Vendredi, le gallon d’essence diesel a dépassé 5,85 dollars, le prix le plus élevé jamais enregistré. L’augmentation des coûts du carburant se traduira probablement par une hausse des prix des biens de consommation, car bon nombre des produits achetés par les Américains sont transportés à travers le pays à l’aide de camions d’expédition alimentés au diesel.
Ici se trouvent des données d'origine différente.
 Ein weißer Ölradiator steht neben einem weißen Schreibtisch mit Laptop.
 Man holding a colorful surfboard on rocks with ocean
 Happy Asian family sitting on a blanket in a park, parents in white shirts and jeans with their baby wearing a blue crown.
Après avoir déjà dépassé le record, les prix du diesel ont continué de grimper tout au long du week-end, atteignant plus de 5,90 $/gallon le jour de la fête du Travail.
Les prix de l’essence ordinaire augmentent également. Après un bref répit au milieu de l’été dû à la signature du protocole d’accord entre les États-Unis et l’Iran, les prix ont de nouveau augmenté après l’échec de cet accord. Lundi, l’essence coûtait en moyenne 4,15 $/gallon aux États-Unis.
Ces prix sont nettement plus élevés qu’au début de l’année, lorsque le diesel coûtait en moyenne 3,52 $/gallon et que l’essence ordinaire coûtait 2,796 $/gallon. En d’autres termes, depuis début janvier, les prix de l’essence aux États-Unis ont augmenté de 48,4 pour cent, tandis que ceux du diesel ont augmenté de 67,6 pour cent.
Malgré ces tendances inquiétantes, Trump a affirmé dans un article de Truth Social ce week-end que les prix du pétrole « chuteront précipitamment, comme tout le reste baisse (mais plus !), lorsque nous gagnerons la guerre avec l’Iran ». Il a également renouvelé sa promesse de « deux dollars le gallon » pour l’essence ordinaire, une promesse qu’il avait faite lors de la campagne présidentielle de 2024, affirmant que tout cela « arriverait rapidement ».
Notamment, Trump a fait de telles promesses au cours des six derniers mois de guerre. Début mars, par exemple, alors que les prix du carburant étaient initialement en hausse, Trump a qualifié les augmentations de prix de problème « à court terme » qui constituait « un très petit prix à payer pour les États-Unis et le monde, la sécurité et la paix ». Il a également déclaré que les prix « baisseraient rapidement » à la fin de la guerre, affirmant à l’époque que la guerre ne durerait que quelques semaines supplémentaires.
Même si la guerre contre l’Iran prend fin relativement bientôt, il est peu probable que les prix du carburant se redressent rapidement, selon les évaluations menées au sein de sa propre administration.
Un rapport de l’Energy Information Administration (EIA) prédit en avril que les prix du gaz de qualité ordinaire resteront probablement autour de 3,70 $/gallon, en moyenne, pour le reste de 2026. En outre, l’EIA a indiqué que les prix du gaz se situeront autour de 3,46 $/gallon, en moyenne, pour toute l’année 2027. Les deux chiffres sont bien supérieurs aux prix du début de la guerre.
Il est important de noter que ces prédictions ont été faites sur la base d’une vision optimiste de la guerre menée par les États-Unis contre l’Iran, l’EIA basant ses chiffres sur l’idée que le conflit « ne persisterait pas au-delà du mois d’avril ». Comme la guerre aura duré plusieurs mois au-delà de cette date, les prix du gaz seront probablement supérieurs aux moyennes prévues.